EXERCISE DETAILS: Return all of the entries exactly as written.

INPUT RECORDS:
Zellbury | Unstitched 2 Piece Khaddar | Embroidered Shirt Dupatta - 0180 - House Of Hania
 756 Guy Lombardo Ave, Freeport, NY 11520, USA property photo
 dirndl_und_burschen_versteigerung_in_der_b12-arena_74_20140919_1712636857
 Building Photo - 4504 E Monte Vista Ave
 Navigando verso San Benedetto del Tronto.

ANSWER FOR THE TASK:
Zellbury | Unstitched 2 Piece Khaddar | Embroidered Shirt Dupatta - 0180 - House Of Hania
 756 Guy Lombardo Ave, Freeport, NY 11520, USA property photo
 dirndl_und_burschen_versteigerung_in_der_b12-arena_74_20140919_1712636857
 Building Photo - 4504 E Monte Vista Ave
 Navigando verso San Benedetto del Tronto.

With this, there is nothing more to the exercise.